AAC coding has two computationally costly operations — MDCT and coefficient quantisation. While the former takes more cycles per one call, the latter is usually called several times for each frame, so those times tend to sum up and outweigh MDCT in bad encoders (like mine). From rate distortion theory we know how to determine proper quantizers for AAC – distortion caused by that quantisation multipled by lambda plus number of bits needed to code that band with this quantiser should be minimal for given value of lambda.

How could we achieve this? Well, use one of three approaches:

- Assign some fixed quantizers
- Use some ad hoc rule to determine quantiser and then refine its value a bit (aka heuristic, since it gives good speed, it is widely used)
- Try all possible quantisers by brute force or Viterbi method (optimal but very slow)

With heuristic you have one catch: if your primary guess on quantiser is not good then refining either takes a lot of time or gives you far from optimal result. Trellis-based search is implemented in my decoder and results in around 20x slower than realtime encoding speed (i.e. encoding one second of audio takes 20 seconds of CPU time) on modern CPUs. I’m playing with something heuristical and fast.

Now to quantising itself.

Each coefficient is quantised as `out = (int)pow(in / quantiser, 0.75);`

. Division of floating-point numbers is slow, taking power of a number is even slower. You can convert MDCT coefficients to the power of three fourths (and quantisers are also converted in precomputed table), thus getting rid of power. FAAC also multiplies coefficients so they are always quantised except for taking integer part. My decoder just multiplies possible codebook vectors by that quantiser and compares it with input coefficients leaving them intact. I also had an idea to present MDCT coefficients in base `pow(2, 0.25)`

making it easy to manipulate but someone still has to test it where base conversions won’t eat all of the gain. I have also tried several optimisations like not trying to match coefficients against all codebook vectors using only close enough vectors. More approaches to try.

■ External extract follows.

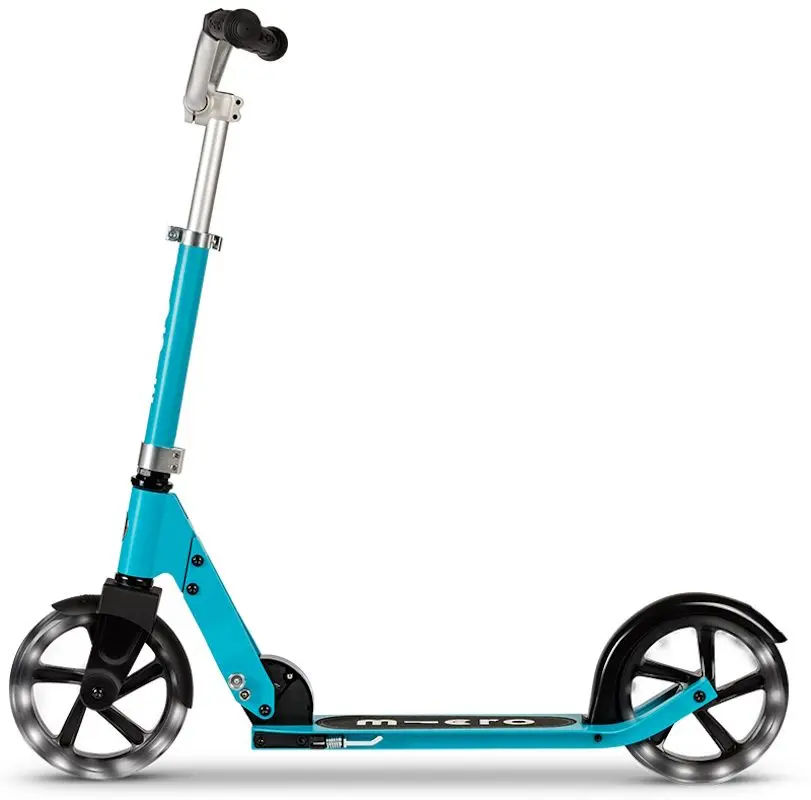 Trotineta Micro Cruiser LED (Aqua)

*(I hope these notes will form “How I Wrote the Best Opensource AAC Encoder Around (to Accompany x264)” memoirs :-S )*

If you speak to Loren, Jason and Michael, I’m sure they’ll have some good suggestions for how to approach this. Having the best AAC encoder as well as the best H.264 encoder would certainly be welcome.

And Gabriel Bouvigne.

What are you focused on at the moment? The point of having the RD optimal approach was to have something to target, though it shouldn’t be hideously slow, still usable, just slow.

The vast majority of the time I expect you would want to use a variety of heuristics that are switchable to give a range of speed/quality trade offs. Analogous to ME search patterns.

I think the _most_ important thing is to work towards beating faac in some way – either being close in speed and better in quality or close in quality and better in speed. Or better, both. 🙂

Once you get to that stage I see no reason why it should not be merged, assuming the code is good which IIRC it is but no doubt Michael will have comments. 🙂 I think this would be a good base point from which we can work to achieve world domination for AAC as well.